Briggs served Goosby with interrogatories, requests for production, and a request for admissions. In the request for admissions, Briggs asked Goosby to admit, among other things, that she intends to ask a jury for more than $75,000 in damages, to admit that she is seeking damages for medical treatment and lost wages, to admit that she seeks damages for pain and suffering in an amount in excess of $75,000, to admit that she seeks damages for mental anguish in an amount in excess of $75,000, and to admit that she seeks punitive damages in an amount in excess of $75,000. (Doc. 17-1 at 24-28). Briggs represents to the Court that Goosby failed to provide any responses to the written jurisdictional discovery, including the request for admissions. (Doc. 17).

IV. DISCUSSION
Federal district courts have original jurisdiction in civil actions in which the matter in controversy exceeds $75,000, exclusive of interest and costs, and which are between citizens of different states. 28 U.S.C. § 1332. It is undisputed that complete diversity of citizenship exists in this case. (Doc. 7 at 2). Goosby argues, however, that the case is due to be remanded because she does not assert a specific monetary amount in her complaint, and the Defendants have not proven the $75,000 amount in controversy required by 28 U.S.C § 1332.
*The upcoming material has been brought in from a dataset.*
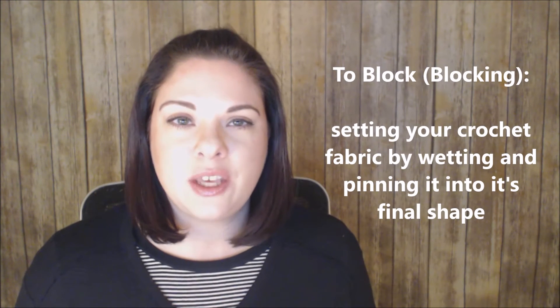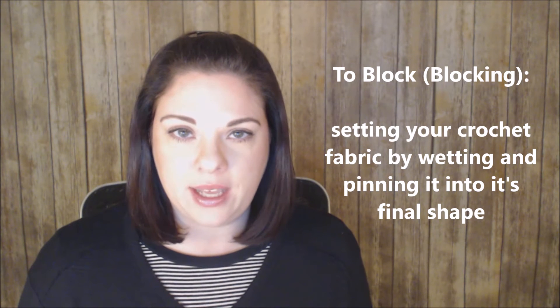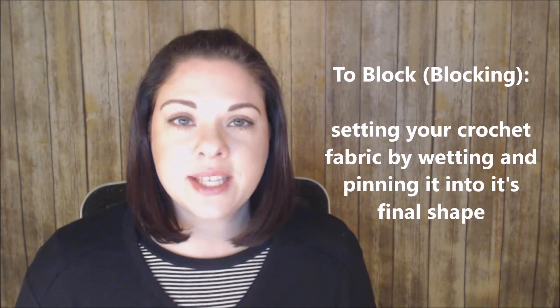Block means that you are going to wet a crochet piece and then pin it as it dries. This can be done lightly with steam or as heavily as dunking your whole crochet piece in water. This method is used far more in knitting than crochet, but there are times in crochet when it's very valuable. For example, you may have crochet pieces that you need to seam together — it is easier to get a nice clean seam when your pieces don't curl and are the actual size they need to be. If you've made something lacy, blocking is fabulous for opening up all those lacy stitches.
In opposing remand, Briggs argues that because Goosby failed to respond to his request for admissions, Goosby has admitted that the complaint seeks damages in excess of $75,000.

Facts not answered or objected to within a request for admission are deemed admitted. See FED. R. CIV. P. 36(a)(3). Goosby did not respond to the request for admissions within the time ordered by the Court. Therefore, Goosby has admitted that her complaint seeks an amount which exceeds $75,000 for three separate categories of damages. (Doc. 17-1). Accordingly, this Court finds by a preponderance of the evidence that the amount in controversy more likely than not meets the jurisdictional requirement. See Roe, 613 F.3d at 1061. The Court concludes that it has subject-matter jurisdiction in this case.

V. CONCLUSION
Because, for the reasons discussed above, subject-matter jurisdiction exists in this case, it is ORDERED as follows:
1. The Motions to Remand (docs. 7 & 10) are DENIED.
2. The Plaintiff shall show cause show cause, if any there be, on or before April 2, 2021, why Defendant Southeastern Freight Lines, Inc. should not be dismissed due to Plaintiff’s failure to perfect service within the deadline set forth in Federal Rule of Civil Procedure 4(m).

*3 DONE this 17th day of March, 2021.